Plaintiff was a 55-year-old man from Mexico who attended school in Mexico until the age of 12. He can speak English but cannot read it as well as he speaks it. Plaintiff’s work experience can be described as manual labor, but he is now under permanent work restrictions of no lifting over 40 pounds.
Due to plaintiff’s age, lack of education, lack of vocational training, limited fluency in written English, and lifting restrictions, we conclude plaintiff has met his burden of production by demonstrating that he is capable of some work but that it would be futile because of preexisting conditions, i.e., age, inexperience, lack of education, to seek other employment.
Therefore, the burden shifted to defendant to show that suitable jobs are available and that plaintiff was capable of obtaining a suitable job taking into account both physical and vocational limitations. Defendant presented evidence from Michael Stickney, a vocational expert, to show that suitable jobs are available to plaintiff.
Stickney testified that, when he was preparing labor market surveys, he was not aware of plaintiff’s education level or how well plaintiff comprehended written English or even Spanish, though Stickney agreed education and ability to read would “be relevant to a labor market survey” for plaintiff. Stickney was also unaware, though he noted it could have been relevant to his search, whether plaintiff “can operate a computer.”
Stickney was unaware of the educational requirements for most of the jobs he identified or if plaintiff qualified for them. Stickney was also generally unaware of any lifting requirements in the manual labor positions he listed.
Stickney’s testimony as to available positions did not address plaintiff’s particular status as a 55 year-old who only attended school until the age of 12, is not fluent in written English, and whose work experience is in manual labor but now has lifting restrictions. Stickney failed to identify suitable jobs for plaintiff that he is capable of performing considering, among other things, his physical limitations.

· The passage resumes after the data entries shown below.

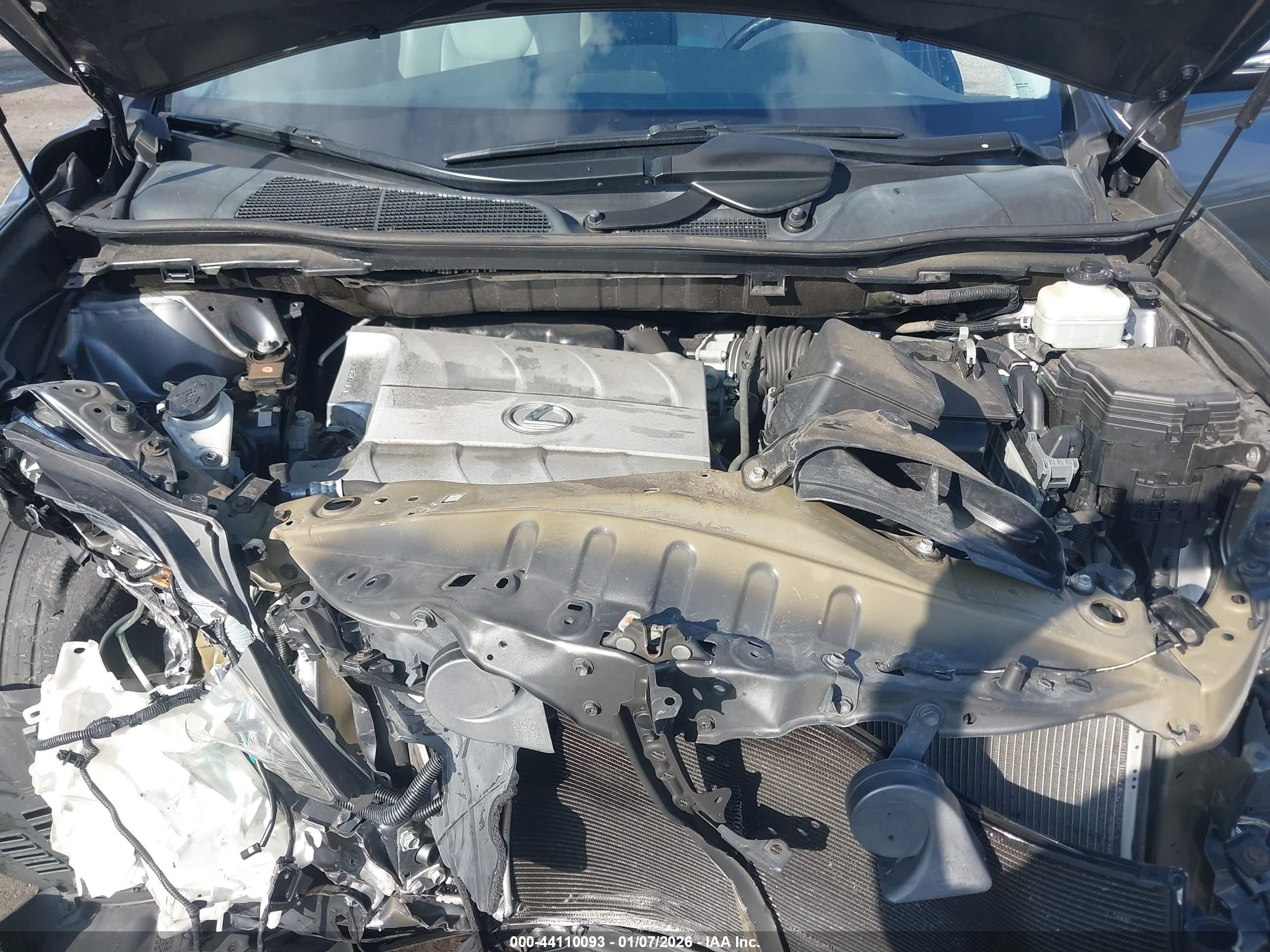 LEXUS RX image 10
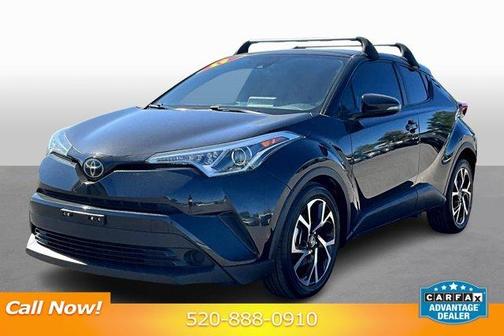 2019 Toyota C-HR XLE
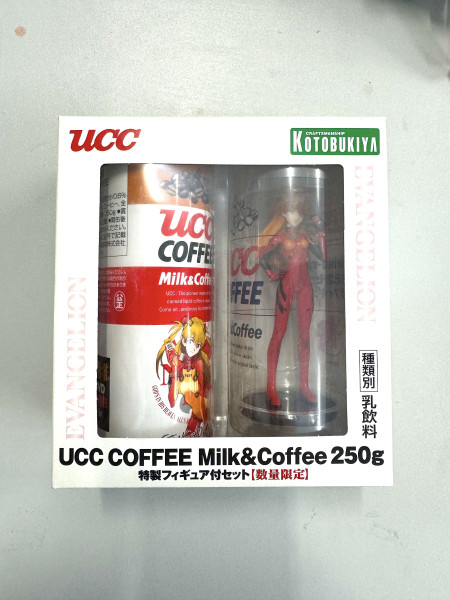 EVA UCC COFFEE Milk＆Coffee 250g_ 明日香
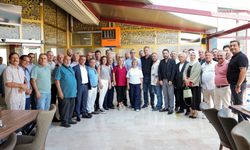 Başkan Beşikcioğlu, STK temsilcileriyle bir araya geldi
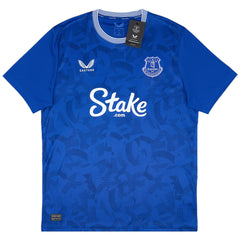 Everton Home Jersey 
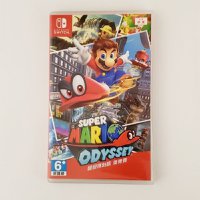 Switch Super Mario Odyssey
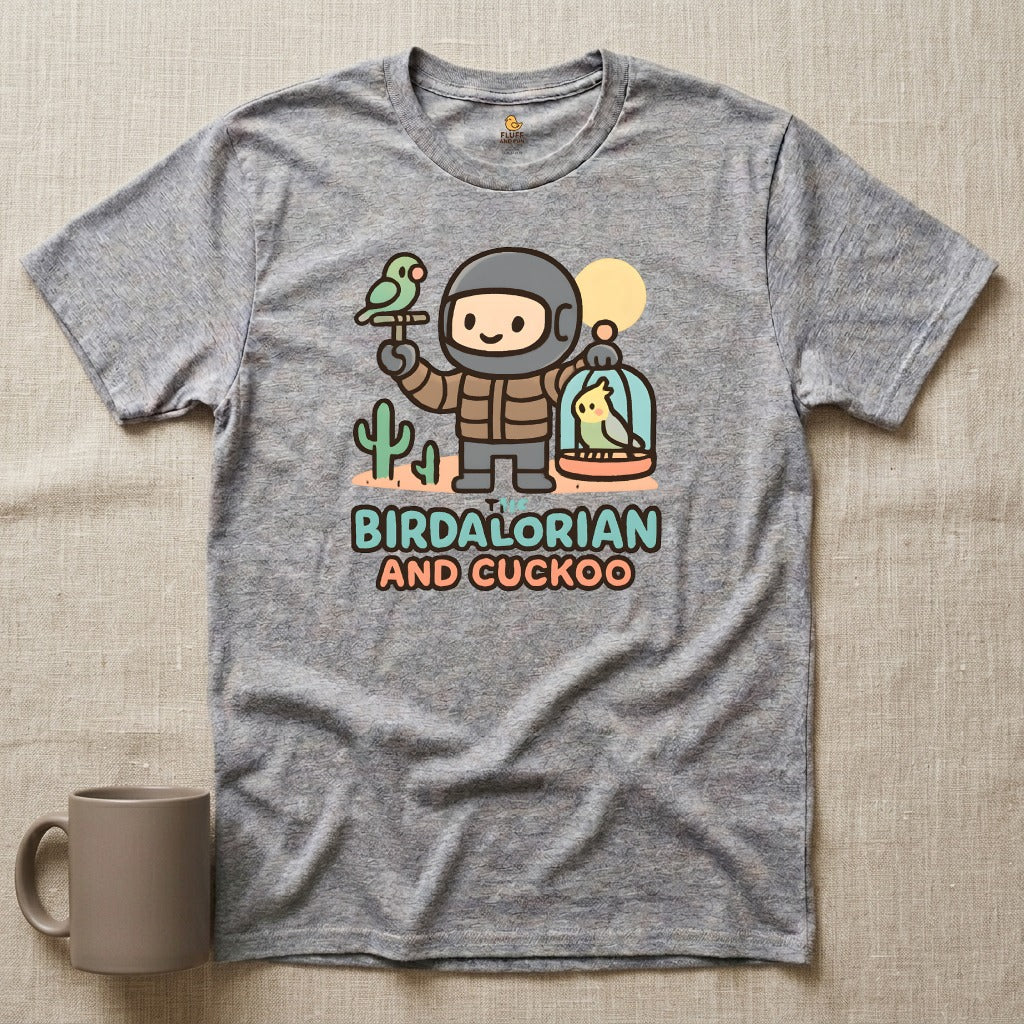 The Birdalorian & Cuckoo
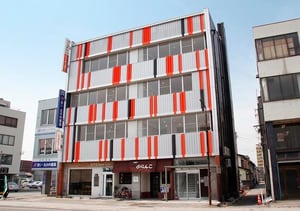アルタモーダ高岡外観写真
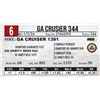 Image 1 : GA Crusier 344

To rebut plaintiff’s evidence, defendant’s burden is to show not only that suitable jobs are available, but also that the plaintiff is capable of getting one, taking into account both physical and vocational limitations. Stickney’s testimony as to the availability of particular jobs may be credible, but it has no relevance to the employment opportunities for a person who does not have the minimum qualifications for the jobs. Stickney simply failed to identify relevant employment opportunities for a person with plaintiff’s qualifications and lifting limitations, so his testimony cannot be used to determine a disputed fact or component of plaintiff’s claim.
The Commission erred in relying on Stickney’s testimony. We remand for the Commission to determine whether plaintiff’s incapacity to earn was caused by his injury.
Adame v. Aerotek (Lawyers Weekly No. 012-026-18, 14 pp.) (Donna Stroud, J.) Appealed from the Industrial Commission. Charles Mast for plaintiff; Kristine Prati for defendant. N.C. App. Unpub.